June 18

The Best Product Management Methodology: Agile vs Waterfall vs Lean

As a Product Manager, it’s likely that you are familiar with terms such as “Lean”, “Agile” and “Waterfall”, but what is the difference between each of these product management methodologies and how can you choose the best one for your product and team? We take a look in detail at why product management methodologies matter and how they differ from one another.

Why does the product management methodology matter?

Although you might think of product management as a relatively new discipline, product management methodologies have been around for quite some time, and can be traced back as far as the 1970s!

As you can imagine, product management methodologies have really evolved, particularly over the past 20 years or so, with the rise of new technologies and ways of working.

Product methodology really matters in a world where companies are competing to discover and deliver the most valuable product that solves their customers’ problems in the best ways possible and take that share of the market.

In a world where new software and iterations of your product can be released every minute of the day rather than once a year (think: Microsoft’s annual release of the Encarta CD-Rom!), it’s important to ensure that the product management methodology you choose to use is fit for purpose.

4 main product management methodologies

There are many product management methodologies out there so let’s take a look in a bit more detail about what is involved with each of those:

Waterfall

You may not have heard of American Computer Scientist Winston W. Royce, but it is commonly noted (although possibly mistakenly) that his paper “Managing the development of large software systems” published in 1970 was responsible for the Waterfall methodology as we know it today.

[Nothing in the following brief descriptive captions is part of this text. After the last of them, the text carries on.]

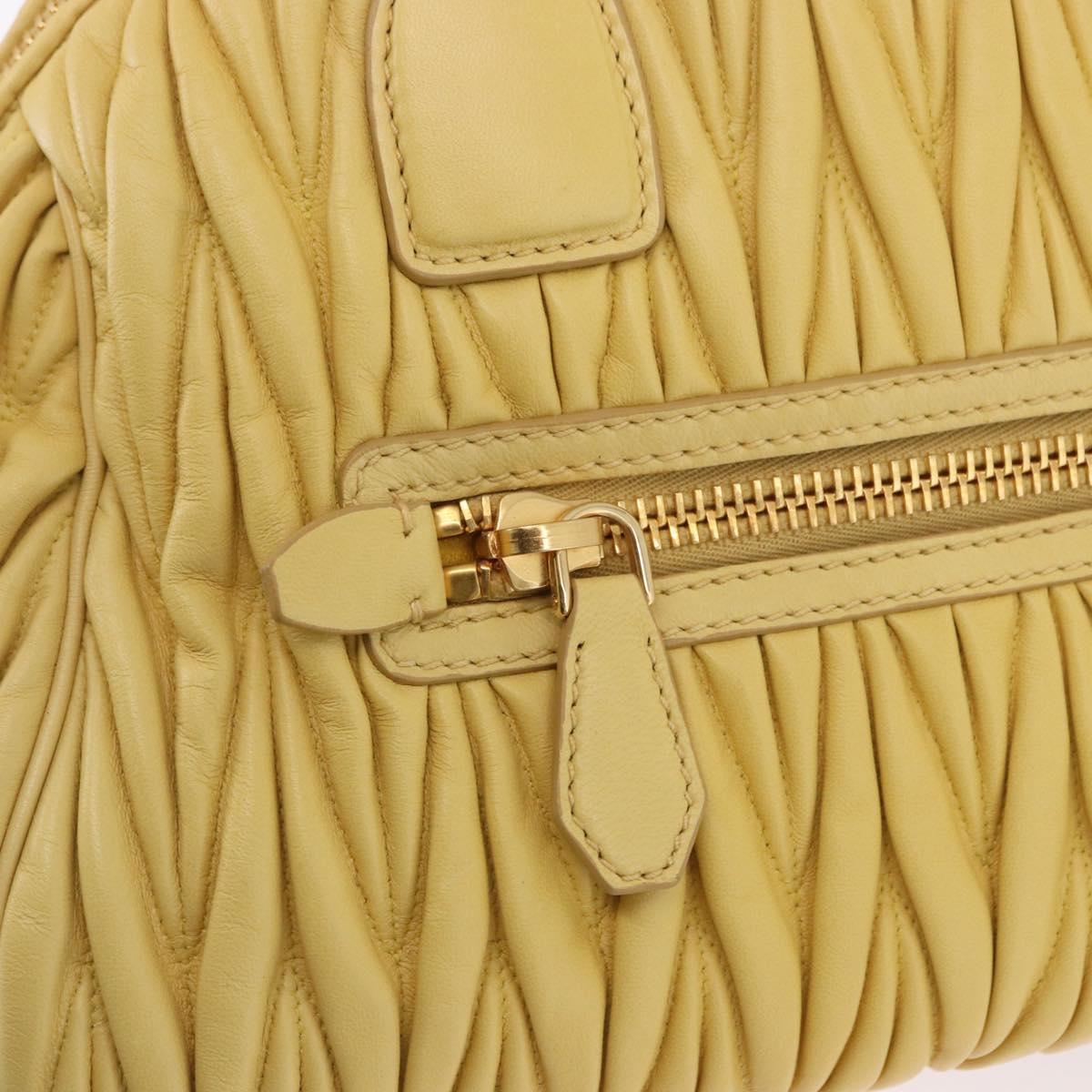 Miu Miu Matelasse Hand Bag Lamb Skin 2way Yellow Gold Auth 196355M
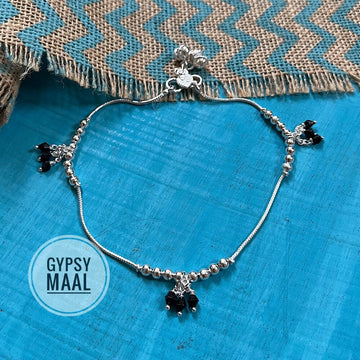 Black & Silver Beads Anklet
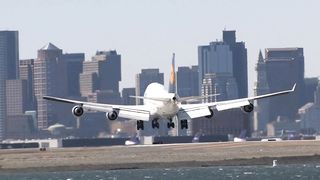 Rear View Of Plane Landing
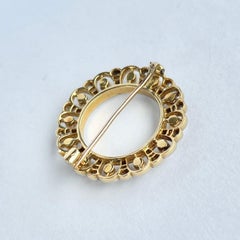 Edwardian Pearl and Rose Cut Diamond 18 Carat Gold Brooch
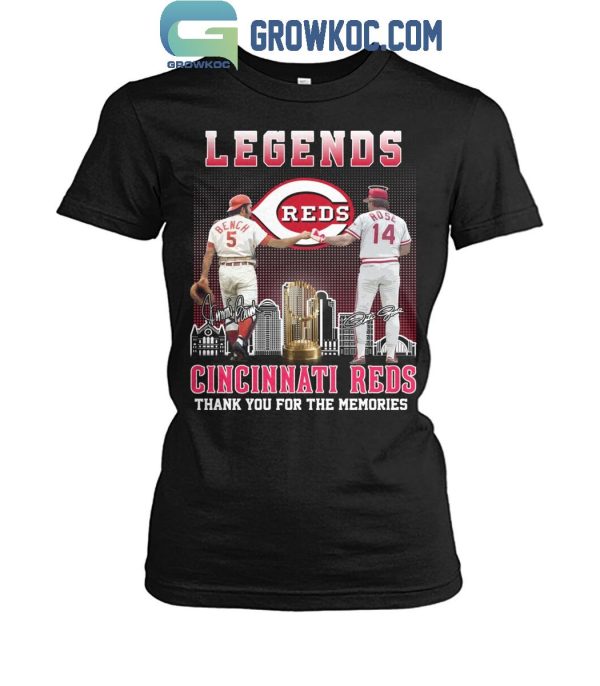 Cincinnati Reds The Legends Peter Rose Johnny Bench Thank You For The Memories T-Shirt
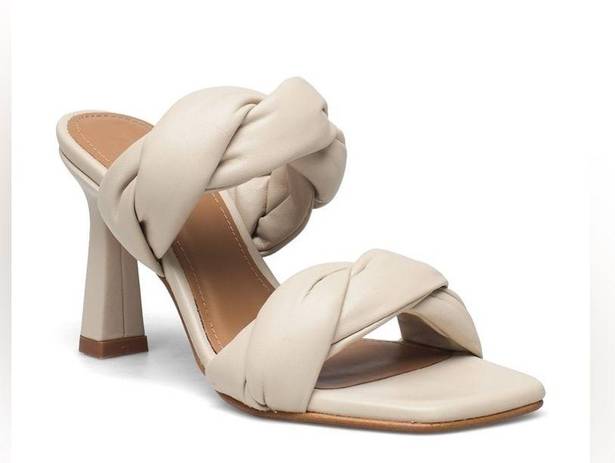 Twisted Flattered x Revolve River  Leather Heeled Sandals in Cream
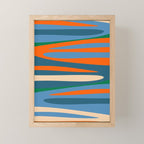 Terzo Stripes Vertical Abstract Pattern Blue Orange Green Beige Mini Art Print Gallery Image 1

Originally Royce envisioned the methodology as containing the following steps:

    1. Systems requirements
    2. Software requirements
    3. Analysis
    4. Program design
    5. Coding
    6. Testing
    7. Operation

As you can imagine, in the 1970s they didn’t have the luxury of being able to iterate on their work as the rise of the digital era was yet to happen, so each stage of development had a distinct purpose and had to happen in sequence. There is also nothing in this list about customer needs, problems, opportunities, or collaboration!

A more “modern” version of the Waterfall methodology can be seen as having the following steps, again each handled in sequence with a ‘hand-off’ and often rooted in project management rather than product management:

    1. Ideas
    2. Business case
    3. Roadmap
    4. Product requirements
    5. Design
    6. Build
    7. Test
    8. Deploy

Unfortunately, this “top-down” approach does not leave much room for customer needs to be considered (although there may be a one-off exercise of considering them as part of “Requirements”), collaboration or experimentation to happen which means that there is a high risk of delivering a product that your audience doesn’t find valuable or will not use. This is because it’s a linear process and once each stage has passed, there isn’t room to go back and make changes. The goal in Waterfall is to deliver products on time and to budget, not to focus on outcomes and customer value, which is where the methodology often falls down.

Agile

Fast forward 30 years and the digital revolution is in full swing, and with it, the need for a new way of working. In 2001, around the time of the dot-com boom, 7 software developers defined the “Manifesto for Agile Software Development” and the Agile methodology was born.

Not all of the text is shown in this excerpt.